DuckDB
DuckDB (opens in a new tab) is an in-process SQL OLAP database management system, and has
support for querying data in CSV, JSON and Parquet formats from an AWS
S3-compatible blob storage. This means you can query data stored in AWS S3,
Google Cloud Storage, or Cloudflare R2 (opens in a new tab).
You can also use the CUBEJS_DB_DUCKDB_DATABASE_PATH
environment variable to
connect to a local DuckDB database.
Cube can also connect to MotherDuck (opens in a new tab), a cloud-based serverless analytics platform built on DuckDB. When connected to MotherDuck, DuckDB uses hybrid execution (opens in a new tab) and routes queries to S3 through MotherDuck for better performance.
Prerequisites
- A set of IAM credentials which allow access to the S3-compatible data source.

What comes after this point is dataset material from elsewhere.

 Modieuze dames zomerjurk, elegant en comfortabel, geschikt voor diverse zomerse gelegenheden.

Credentials are only required for private S3 buckets.
- The region of the bucket
- The name of a bucket to query data from
Setup
Manual
Add the following to a .env
file in your Cube project:
CUBEJS_DB_TYPE=duckdb
Cube Cloud
In Cube Cloud, select DuckDB when creating a new deployment and fill in the required fields:
If you are not using MotherDuck, leave the MotherDuck Token field blank.

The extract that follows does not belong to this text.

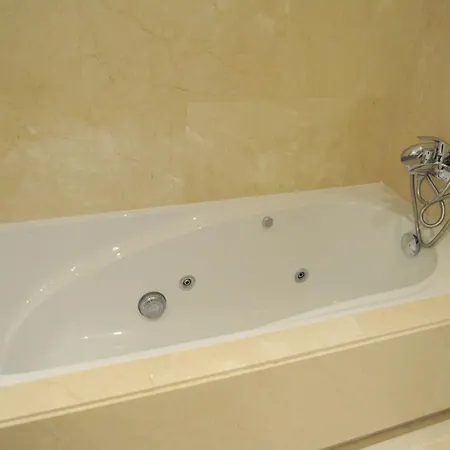 Precioso Con Jardin Y Piscina Comunitaria Apartmán *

You can also explore how DuckDB works with Cube if you create a demo deployment in Cube Cloud.
Environment Variables
Environment Variable | Description | Possible Values | Required |
---|---|---|---|
CUBEJS_DB_DUCKDB_MEMORY_LIMIT | The maximum memory limit for DuckDB. Equivalent to SET memory_limit=<MEMORY_LIMIT> . Default is 75% of available RAM | A valid memory limit | ❌ |
CUBEJS_DB_DUCKDB_SCHEMA | The default search schema (opens in a new tab) | A valid schema name | ❌ |
CUBEJS_DB_DUCKDB_MOTHERDUCK_TOKEN | The service token to use for connections to MotherDuck | A valid MotherDuck service token (opens in a new tab) | ❌ |
CUBEJS_DB_DUCKDB_DATABASE_PATH | The database filepath to use for connection to a local database. | A valid duckdb database file path | ❌ |
CUBEJS_DB_DUCKDB_S3_ACCESS_KEY_ID | The Access Key ID to use for database connections | A valid Access Key ID | ❌ |
CUBEJS_DB_DUCKDB_S3_SECRET_ACCESS_KEY | The Secret Access Key to use for database connections | A valid Secret Access Key | ❌ |
CUBEJS_DB_DUCKDB_S3_ENDPOINT | The S3 endpoint | A valid S3 endpoint (opens in a new tab) | ❌ |
CUBEJS_DB_DUCKDB_S3_REGION | The region of the bucket (opens in a new tab) | A valid AWS region | ❌ |
CUBEJS_CONCURRENCY | The number of concurrent connections each queue has to the database. Default is 2 | A valid number | ❌ |
CUBEJS_DB_DUCKDB_S3_USE_SSL | Use SSL for connection | A boolean | ❌ |
CUBEJS_DB_DUCKDB_S3_URL_STYLE | To choose the S3 URL style(vhost or path) | 'vhost' or 'path' | ❌ |
CUBEJS_DB_DUCKDB_S3_SESSION_TOKEN | The token for the S3 session | A valid Session Token | ❌ |
Pre-Aggregation Feature Support
count_distinct_approx
Measures of type
count_distinct_approx
can
be used in pre-aggregations when using DuckDB as a source database. To learn
more about DuckDB's support for approximate aggregate functions, click
here (opens in a new tab).
Pre-Aggregation Build Strategies
To learn more about pre-aggregation build strategies, head here.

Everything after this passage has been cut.